Petro points to a fresh track in the dirt, a paw print measuring nearly the length of a ballpoint pen. He walks along a few more yards reading tracks the way an archaeologist might decipher hieroglyphics, gleaning meaning from the smudges in the dust. A large male passed here within the past two hours, he says. “Here he’s walking slowly, then you see his claws come out in the tracks. Perhaps he’s running after prey, or from something else.”
The tall, slender 29-year-old is marching with four other young men who belong to a pastoralist people called the Maasai. Beneath the folds of his thick cloak, he carries a sharpened machete. Only a few years ago, men of Petro’s age would most likely have been stalking lions to hunt them — often, to avenge cattle that the big cats had eaten.
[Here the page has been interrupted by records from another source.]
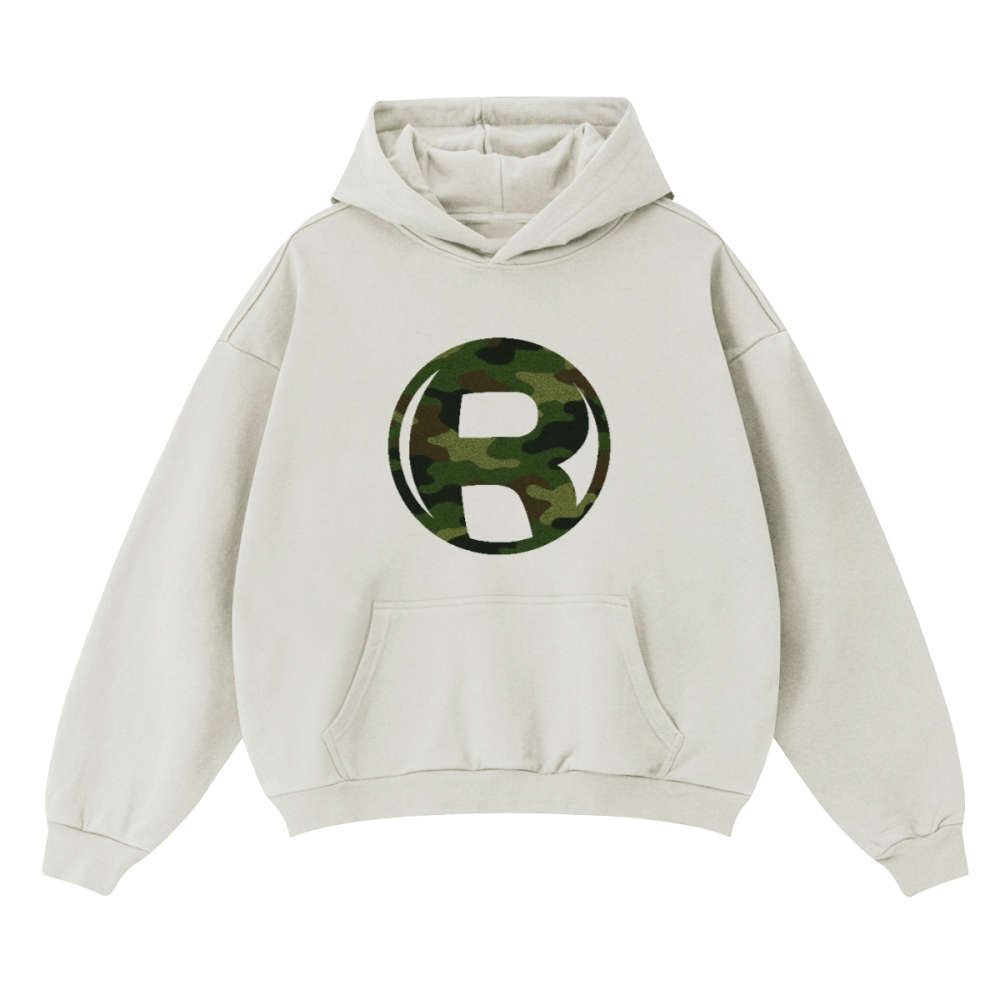 Sweat à capuche unisexe RUSH – Coupe boxy premium 400GSM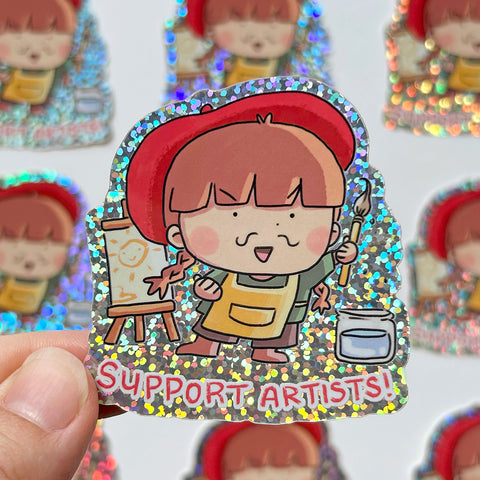 Support Artists Sticker
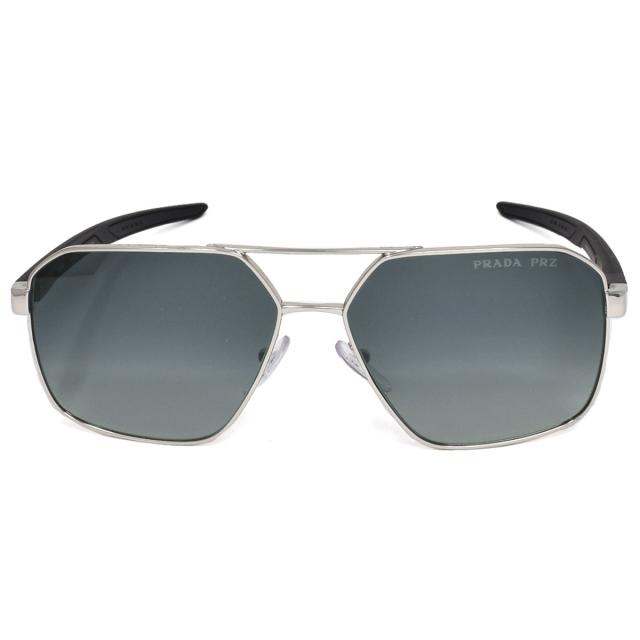 プラダ PRADA サングラス 0PS 55WS 1BC06G 60 メンズ シルバー＋ポーラーグレーグラデーションサングラス ブランド 人気 プレゼントアイ プラダ PRADA サングラス 0PS 55WS 1BC06G 60 メンズ シルバー＋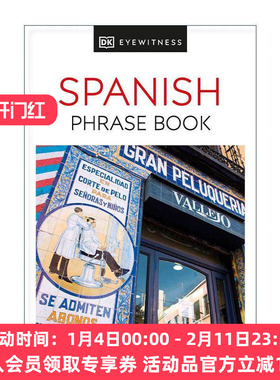 原版 DK Eyewitness Travel Phrase Books Spanish 目击者旅游西班牙语短语口袋手册 进口原版书籍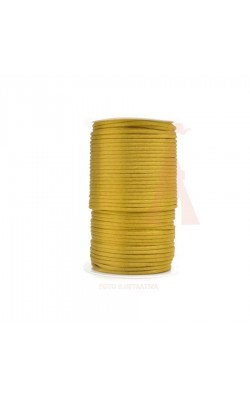 CORDAO DE CETIM 4MM ARTE PUNTO 100MT DOURADO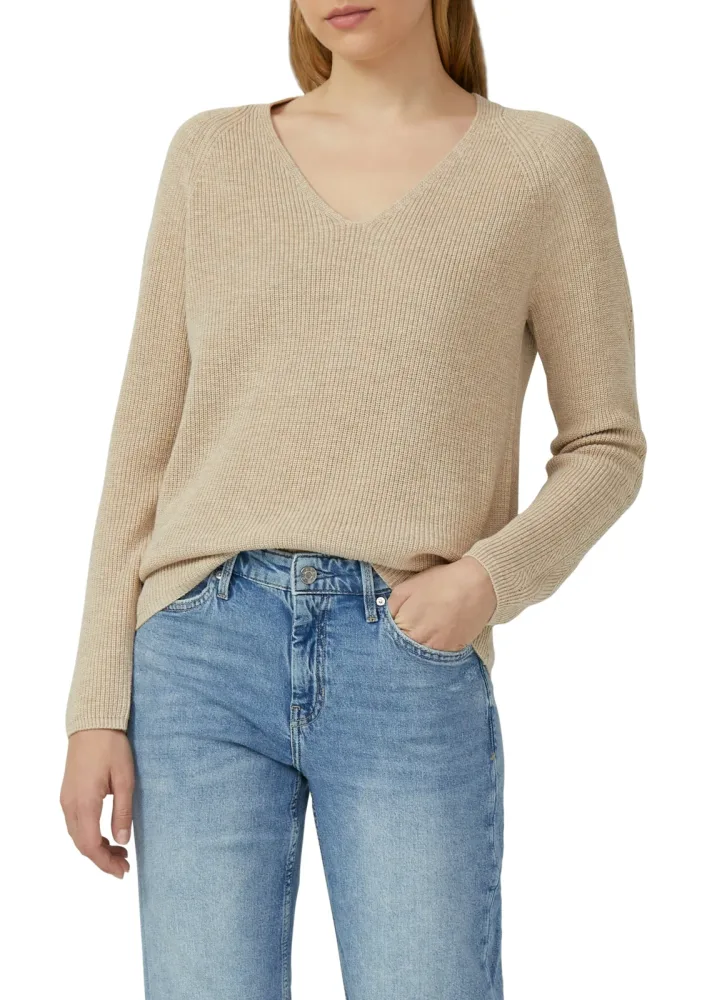 s.Oliver Strickpullover mit V-Ausschnitt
But as Petro explains, the problem now is that there are too few lions, not too many. “It will be shameful if we kill them all,” he says. “It will be a big loss if our future children never see lions.”
And so he’s joined an effort to protect lions, by safeguarding domestic animals on which they might prey.
Petro is one of more than 50 lion monitors from communities on the Maasai steppe who walk daily patrol routes to help shepherds shield their cattle in pasture, with support and training from a small, Tanzanian nonprofit called African People & Wildlife. Over the past decade, this group has also helped more than a thousand extended households to build secure modern corrals made of living acacia trees and chain-link fence to protect their livestock at night.
This kind of intervention is, in a way, a grand experiment. The survival of lions — and many other threatened savannah species, from cheetahs to giraffes to elephants — likely depends on finding a way for people, livestock and wild beasts to continue to use these lands together, on the plains where the earliest humans walked upright through tall grass.
Across Africa, the number of lions has dropped by more than 40 percent in two decades, according to data released in 2015 by the International Union for Conservation of Nature, putting lions on the list of species scientists consider “vulnerable” to extinction. They have disappeared from 94 percent of the lands they used to roam in Africa, what researchers call their “historic range.”